«Но главное, о чем я хочу тебе написать – это о Яше Бабушкине. Его глупо и хамски уволили из Радиокомитета, – ни за что, без всяких мотивировок, – дико сказать, но гл[авным] обр[азом] за… неарийское происхождение, т. к. у нас по этой линии проверяют и реконструируют ряд пропагандистских учреждений. В общем, пошел обедать, приходит, а на стенке приказ: “сдать дела и освободить от работы в Радиокомитете”. Все-таки с коммунистом так поступать нельзя, тем более что Яшка не щадил жизни в полном и самом серьезном смысле слова на этой работе. Мы обязаны ему созданием оркестра, после того, как оркестр наполовину вымер, то же – с хором, он же поднял и создал ряд концертных ансамблей, исполнение “Седьмой симфонии” – это его дело, городской театр – тоже, – в общем, после той страшной зимы, ранней весной 42 г. он за все это принялся, когда люди еще вымирали, когда ничего не осталось»[192].
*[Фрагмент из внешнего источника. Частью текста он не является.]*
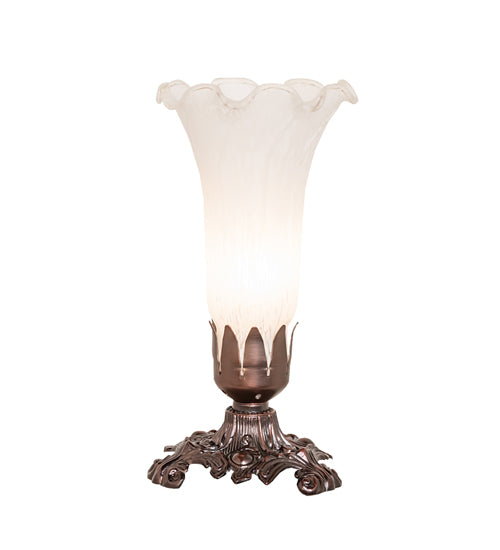 Meyda Lighting Tiffany Pond Lily 8" Mahogany Bronze Victorian Table Lamp With White Shade Glass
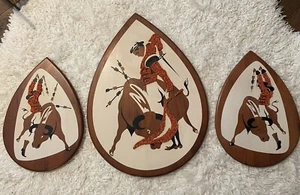3 PIECE MID CENTURY BELART BULLFIGHTER PLAQUES - Picture 1 of 6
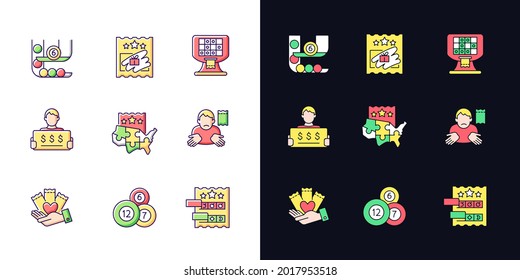 Lottery games types light and dark theme RGB color icons set. Ball draw machine. Multi-state game. Isolated vector illustrations on white and black space. Simple filled line drawings pack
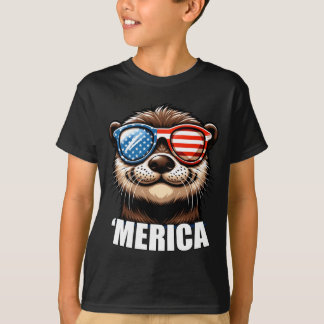 T-shirt America River Otter Funny Aamerican Patriotic Usa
Нет сомнений, что все эти события отражают политическую волю, которая не могла проводиться без участия Жданова, а управление литературой вполне укладывается в постулаты, впоследствии верифицированные в постановлении ЦК ВКП(б) о журналах «Звезда» и «Ленинград». Но пока это было лишь скрытое принуждение.
Ленинградский поэт Михаил Дудин в начале 1944 г. написал «в стол» стихотворение «Разговор с неназванным дядей о принципах нашей поэзии», которое как нельзя лучше отражает идеологические настроения, насаждавшиеся аппаратом Жданова в осажденном городе в соответствии с высочайшими указаниями. Начинается оно следующими строфами:
Сухая канцелярская доска,
Очередной переходящий дядя,
В мои стихи с какой-то стати глядя,
Сказал, что в них присутствует тоска,
Безвыходность, уныние, потеря
Того, сего. Что я живу, не веря
В грядущее. Что оптимизма мало.
А говоря короче, из журнала
Он вымарал стихи мои. И вот
Перед собраньем открывая рот,
В кипучих выражениях неистов,
Меня причислил к лику пессимистов…[193]
То есть еще задолго до 1946 г. Андрей Александрович Жданов все «знал и умел».
Направив все свои силы на идеологический фронт и получив при этом от Сталина относительную свободу, Жданов продолжил ревностно претворять идеи вождя в жизнь советского общества.
1945-й и первая половина 1946 г. не были отмечены громкими постановлениями ЦК в области идеологии (руководство страны занималось вопросами внешней политики, и Жданов был в это время занят урегулированием отношений с Финляндией, которыми занимался с 1944 г.), а потому в историографии традиционно события на идеологическом фронте начитают отсчитывать с лета 1946 г. Однако Управление пропаганды и агитации ЦК ВКП(б) твердо шло выбранным курсом и свои обязанности исправляло ревностно.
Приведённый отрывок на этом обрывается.